War is raging, oceans are burning, and the breaking news you’ve been waiting for is finally here: The Metropolitan Museum of Art’s Costume Institute Benefit (better known as The Met Gala) will return to its traditional spot on the first Monday of May, and this year’s chairpeople and theme have been announced! If you’re unfamiliar with the Met Gala, it’s an annual event that raises funding for the museum’s Costume Institute by encouraging the rich and famous to wear outrageous, themed costumes in a world-class menagerie of peacocking. We’re talking single-use fashion but make at six figures.

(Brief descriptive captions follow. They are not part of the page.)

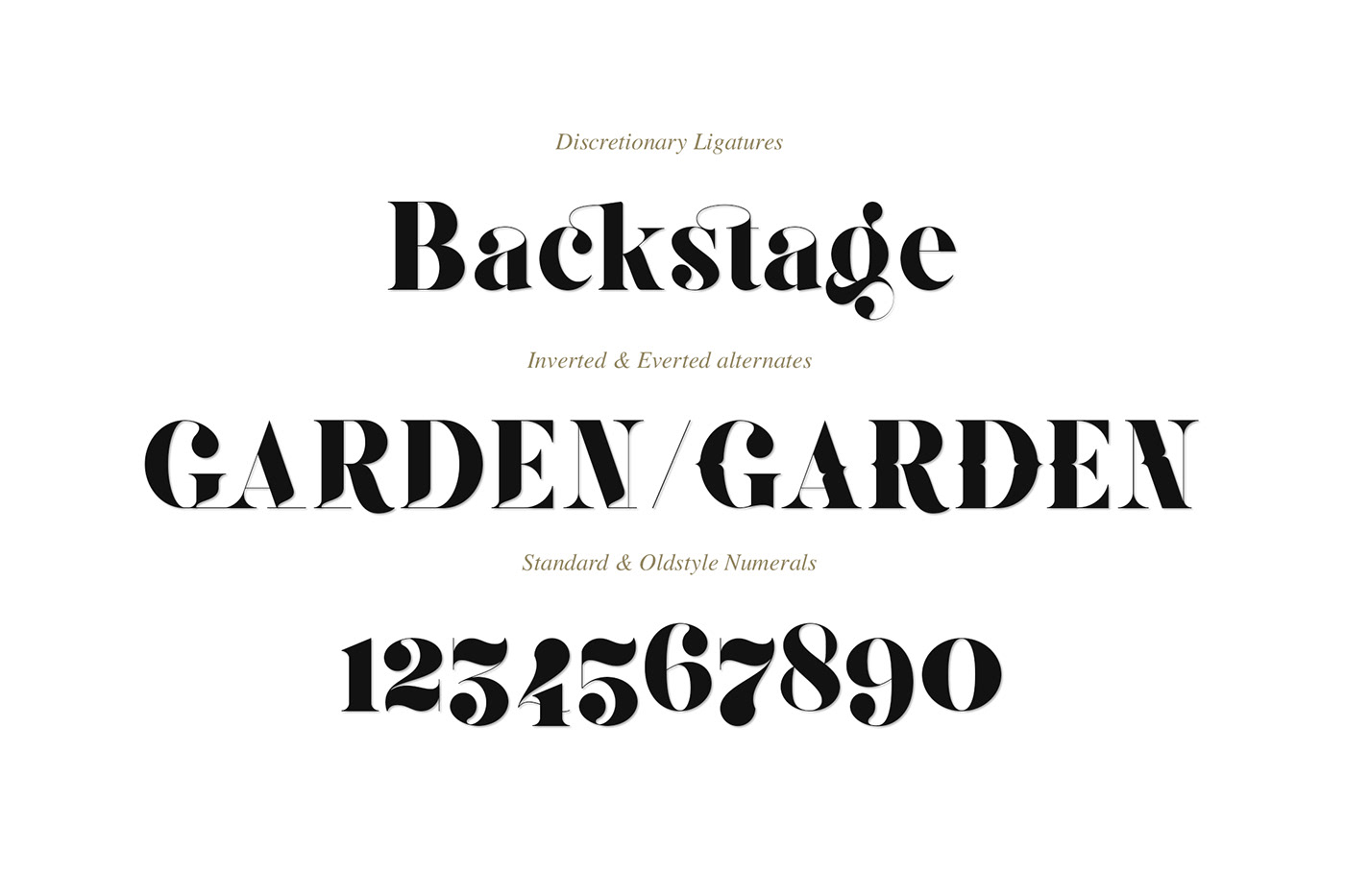 serif editorial wedding business card invit art deco elegant commercial webfont Free font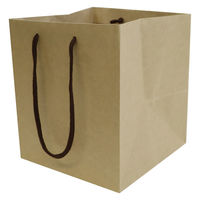 【紙袋】クラフトバッグ 真四角型 Lサイズ 1セット（50枚:10枚入×5袋 ）ハピラ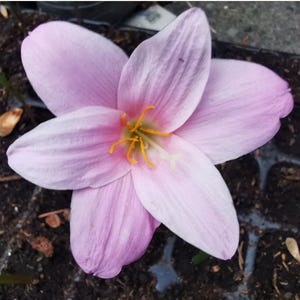 Pianta Giglio Della Pioggia Zephyranthes Candida, Perenne Da Esterno, Prodotta In Italia
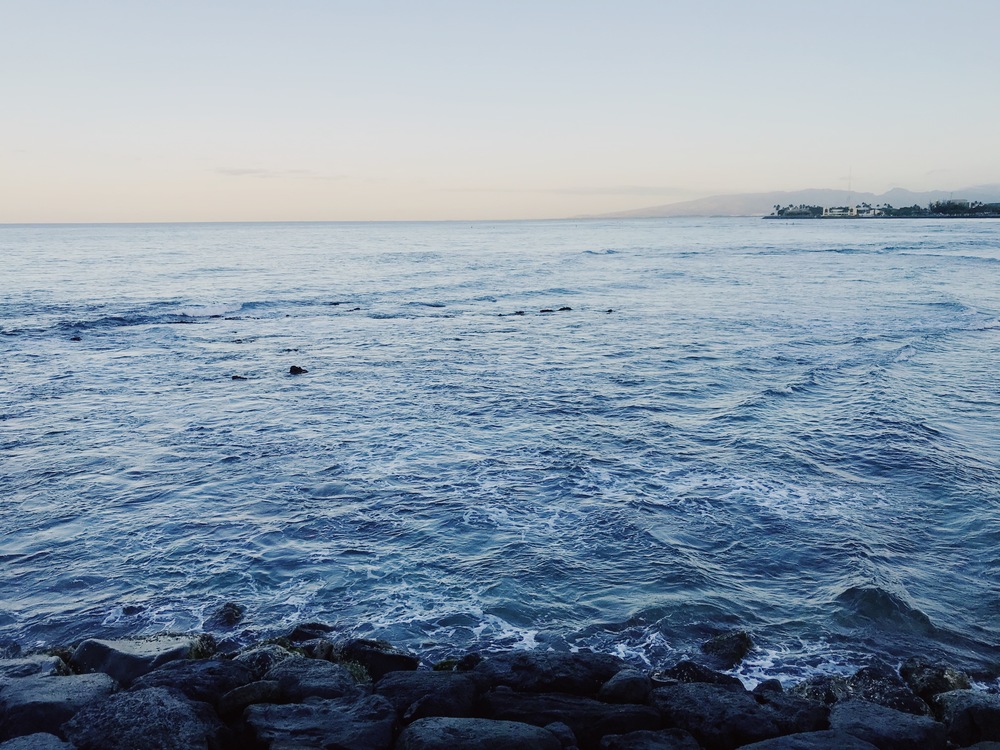 【HAWAII】GreenParkとSeaside 自然感じるモーニングRuntripの写真14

This year’s theme is “In America: An Anthology of Fashion,” which follows last year’s “In America: A Lexicon of Fashion” as a two-part series that focuses on the storied history of American fashion. That’s despite the fact that the United States has been around for less than 250 years, and spent much of that time importing fashion from France and England.
But perhaps the Met Gala felt the need to simplify things a little bit after the gala’s 2019 theme “What is Camp?” was met with a resounding sense that no one was really sure what it meant. But even the “In America” theme leaves plenty of room for controversy. Who can forget Representative Alexandria Ocasio-Cortez’s dress from last year, emblazoned with “TAX THE RICH” and dripping with irony? According to reporting by the New York Times, designers and corporate sponsors generally cover the event’s $35,000 a ticket (or $200,000 to $300,000 for a table) for the gala’s guests, while NYC elected officials are special guests of the museum and do not pay to attend.
“In America: An Anthology of Fashion traces the emergence of a distinct American style, revealing underlying stories that often go unrecognized,” said Max Hollein, the Met’s director, in a statement. “As a whole, this ambitious two-part exhibition ignites timely conversations about the tremendous cultural contributions of designers working in the United States and the very definition of an American aesthetic.”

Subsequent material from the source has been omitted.